Sport-fishing restrictions would have 'devastating effect,' says Port Renfrew chamber of commerce
Proposed fishing bans aim to increase chinook salmon numbers
The potential for expanded fin-fishing bans in waters along the southwest coast of Vancouver Island has the sport fishing industry, a top economic performer for many towns, worried.
"It's going to have a devastating effect," said Karl Ablack, the vice president of the Port Renfrew Chamber of Commerce, to All Points West host Jason D'Souza.
Fisheries and Oceans Canada (DFO) added waters from Port Renfrew to Tofino to its amended recovery strategy for the northern and southern resident killer whales, in order to find ways to protect dwindling chinook salmon stocks, the main source of food for the species.
There are an estimated 75 southern resident killer whales left in Canada's waters.
"We're fully supportive of protecting these animals. Where we have a problem with is how they're going about doing this."
Lack of practical consultation
Ablack's frustrated with what he feels has been a lack of communication with the people who would be most affected by the bans.
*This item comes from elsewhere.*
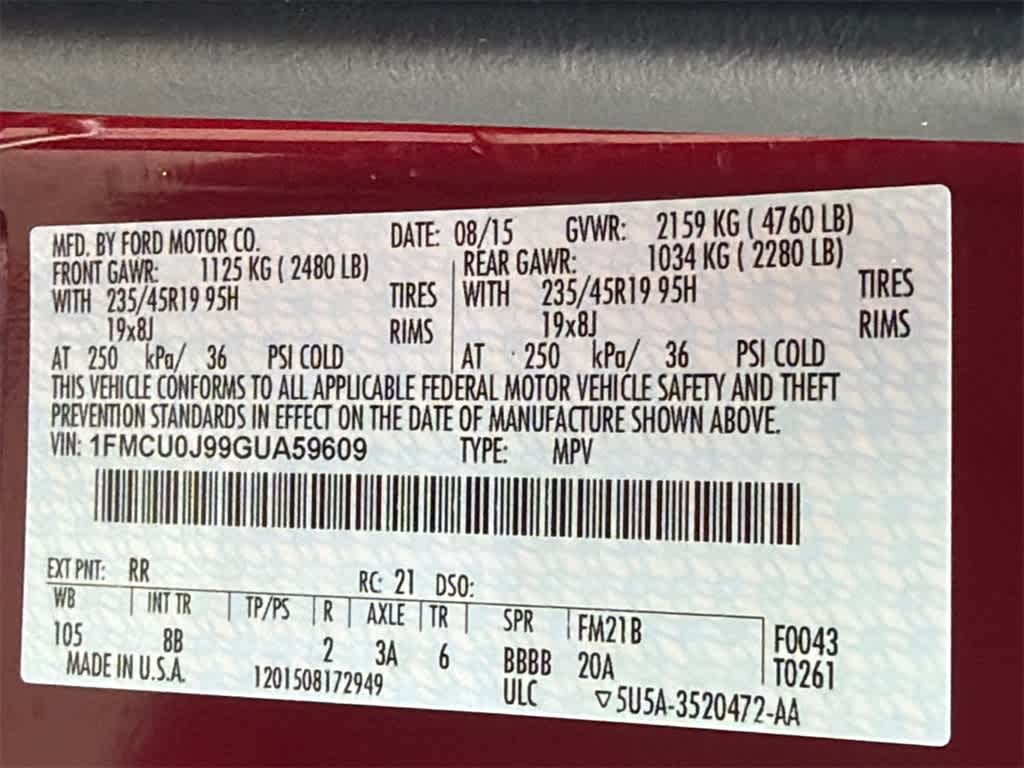 Thumbnail: 2016 Ford Escape - 34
The DFO had its first period of public consultation on the issue between June 12 and July 11. It has a second phase proposed for August through the end of September, a time of the year when Ablack says fishermen are busiest.
"It really demonstrates a high level of insensitivity from their [the DFO's] end because they're asking for feedback from individuals who make their living from the sea in a time of year when they are the busiest," said Ablack.
Ablack is requesting longer consultation periods so that the fishing community can take part in the consultations. He would also like to see the DFO focus on smaller areas of crucial habitat, rather than blanket restrictions on large areas of water.
DFO taking actions to protect and recover the species
The DFO said in a statement the consultation is just one step in the amendment process to update the identified critical habitat for these populations.
"The Government of Canada is committed to protecting these whales," it said, "and is taking action to protect and recover these species and ensure protections are in place as rapidly as possible."
It said there are no immediate plans to add new closures.
Ablack says government has to also consider the impact on those who make their livelihood fishing.
"These species are important to the waters of the southwest of Vancouver Island, but it can't all be borne on the backs of fishermen," he said.